Carl’s hope came to pass in 2022, though some scholars point back to his era as the start of contemporary political division in America, due to “asymmetric politics.” The 1994 midterms put Republican Newt Gingrich in the House Speaker’s chair, and in four years he shut down the government twice and got Clinton impeached. He lost the speakership in 1998, “But by then Gingrich had inaugurated the principle that, for Republican politicians, partisan warfare should take precedence over good government,” as one study says.

The sitcom accurately reflected its time, and the difficulty of interpersonal relationships due to politics has only grown. A 2017 study showed, in what was dubbed “the Trump effect,” that 11 percent of Americans ended relationships over political differences. Twenty-two percent of those surveyed knew someone “whose marriage or relationship has been negatively impacted specifically due to President Trump’s [first] election.” For Millennials that rose to 35 percent. Anecdotal evidence suggests the divide has grown.

In the best of times it is impossible to know other people fully. Even if we wish to act in good faith, it is hard to express to others who we think we are—and we may not know who we are. It is, to a great degree, a writing problem: What to include in our stories about ourselves? How revealing should we be and at what pace? Where to stop and start the narrative? What kind of language should we use?

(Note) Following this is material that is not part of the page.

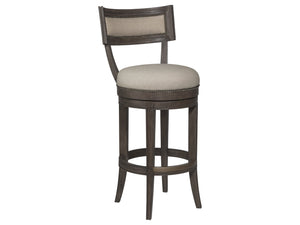 Lexington Artistica Home Aperitif Swivel Bar Stool: Elegant Mahogany Design With Upholstered Seat & Decorative Nailhead Trim Antico Wood 2000-896-39-01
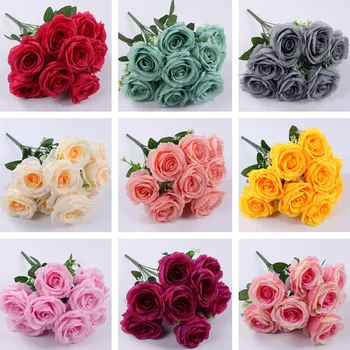 Umjetna Svilene Ruže Imitacija Cvijet Vjenčanje Nevjesta S Cvijećem U Rukama Home Hotel Stolni Buket Crvenih Ruža Nakit Nakit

My friend Larry, who is agnostic and progressive in life and catholic in his musical tastes, told me he loves many melodies by Christian rock bands. He is wary of telling other friends this, because he says they have notions about Christian rock and its listeners. Sometimes he never reveals it.

The problem aligns with the experience of people using dating apps, tech’s solution for intimacy that starts with very little information—sometimes little more than self-curated photos. (In the old days, Irene, in the next cubicle, would set you up with her distant cousin and vouch for her personally by saying she was really great. One day social scientists will have enough data to say which method brought more relationship happiness, or at least longevity.)

One of my friends says the apps offer you tags to help you describe yourself, indicating how much you drink or smoke, whether you exercise, your education level, your astrological sign, marital status, whether you have or want kids, etc. The trick, she says, is to decode what others have toggled. Red flags for her include a dude in wraparound sunglasses who chooses “White” as a descriptor, ditto “Christian.” (She is a Christian by upbringing.) What could “Moderate,” let alone “Apolitical,” mean in our time? What is “Spiritual” when combined with a passion for Midwestern wineries and country music? What does it signify when dudes hold up their fishes for admiration?

I see how a lot of time, money, and emotional energy could be spent, out of mild interest and politesse, before somebody leaned forward in their booth at the Applebee’s and asked: “Ukraine? What’s your take? How do you think things are going here? You say you like to read, what do you read? What are your impressions of coffee, kimchi, and green olives stuffed with raw garlic cloves? Did you bring your immunization record, bank statement, sexual health report, blurbs by friends and family on your treatment of previous partners?”

*Squints*

“What mountains of experience do you carry, and which ones broke you when they fell?”

I asked another friend, who used the apps for years after her divorce, how it went for her, and what it was like trying to get to know people.

“I tried and tried and tried and tried and tried and tried and tried,” she said. She was still single when I asked.